Posted by Listen With Others on 15 December 2019

I developed Full Steam Ahead some six years ago so my memory of working on it is somewhat hazy.

I enjoy trying to incorporate a new idea into a puzzle and so the idea to insert numbers into the clue answers and to give that a message was appealing. Can it be done and how could it work? Highlighting GO in green and the title were ideas in the back of my mind so were in at the beginning. I do remember trying to construct a message by only inserting single digits which only gave 9 letters (or ten if 0 was used). On the other hand, having some two-digit insertions seemed a bit untidy. When I went for the more messy approach of some two-digit insertions, I immediately thought of the clue for 1 across as a way to get started. The puzzle looked at if it might be very intimidating for solvers (and the setter) so it was attractive to have a deduction to get started immediately. The length of the message and 1 across determined the rough size of the grid and a little playing around gave me the final one.

After that, the grid fill was largely determined by the location of extra numbers and 3,8,9s. This was particularly problematic in the bottom half of the grid and took quite a time. After the grid fill, I only had a clue to 1 across but added a number of higher powers of the lower digits to fit the style of 1 across and give a way to solve for digits although at that stage there was no clear solution path.
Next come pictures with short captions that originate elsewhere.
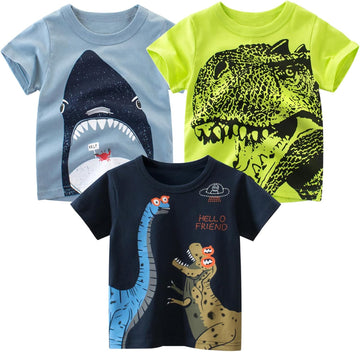 Toddler Boy Dinosaur T-Shirts Short Sleeve Shark Excavator Tee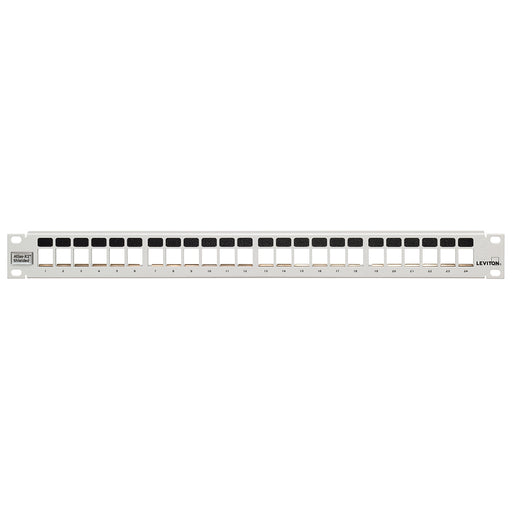 Leviton 24-Port 1RU Flat Shielded QuickPort Patch Panel White (4S255-WS4)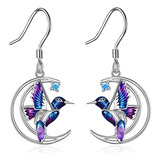 Aros Plata Fina 925 Colibri Luna Circon Regalo Mujer Joyas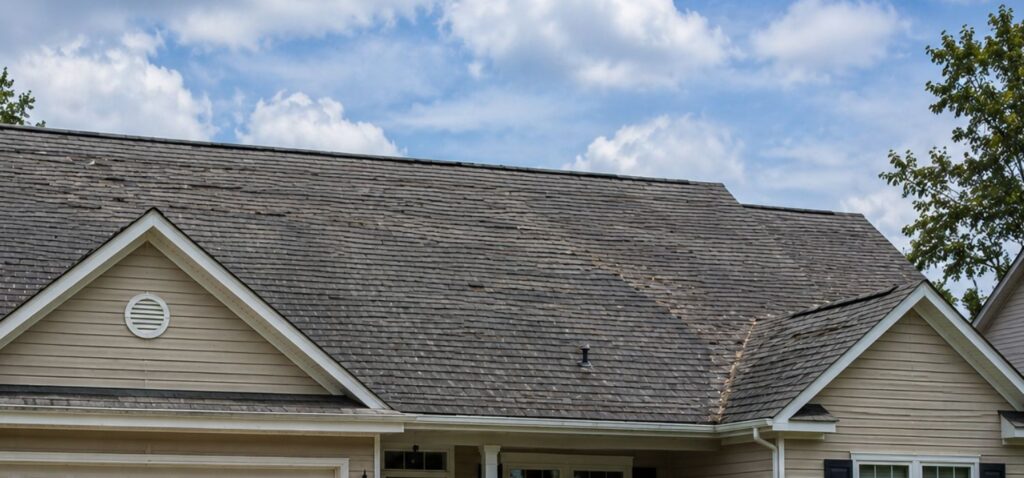 Older asphalt shingle roof on a suburban home showing signs that may indicate the need for roof replacement in Hickory, NC.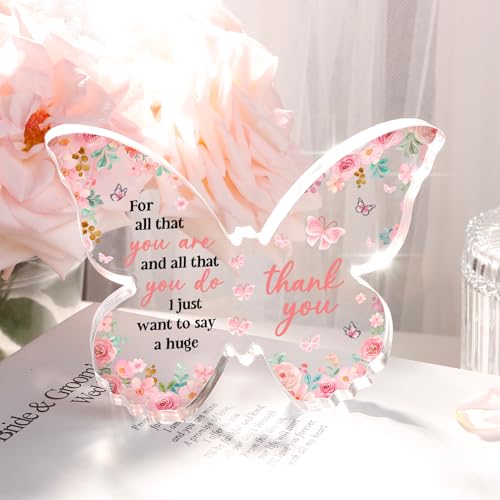 Glydein Thank You Gifts for Women, Appreciation Gifts for Teacher Coworker Employee Nurse Friend Christmas, 5x3.8x0.5 Inch Butterfly Acrylic Plaque Decor, Graduation Wedding Thank You Grateful Gift Bulk - Pink - Image 4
At this stage, I sit down and solve the puzzle. It really doesn’t matter that I know the answer as it is simply a logical exercise as to whether the answer can be deduced. I don’t remember having to change many of the original clues. It was pleasing that it turned into two stages — deducing the letter values and the grid fill — and neither was trivial.

In retrospect, I feel that it is not the neatest of puzzles but does have a somewhat different logical challenge and is not just a number-crunching exercise. However I await the opinions of solvers.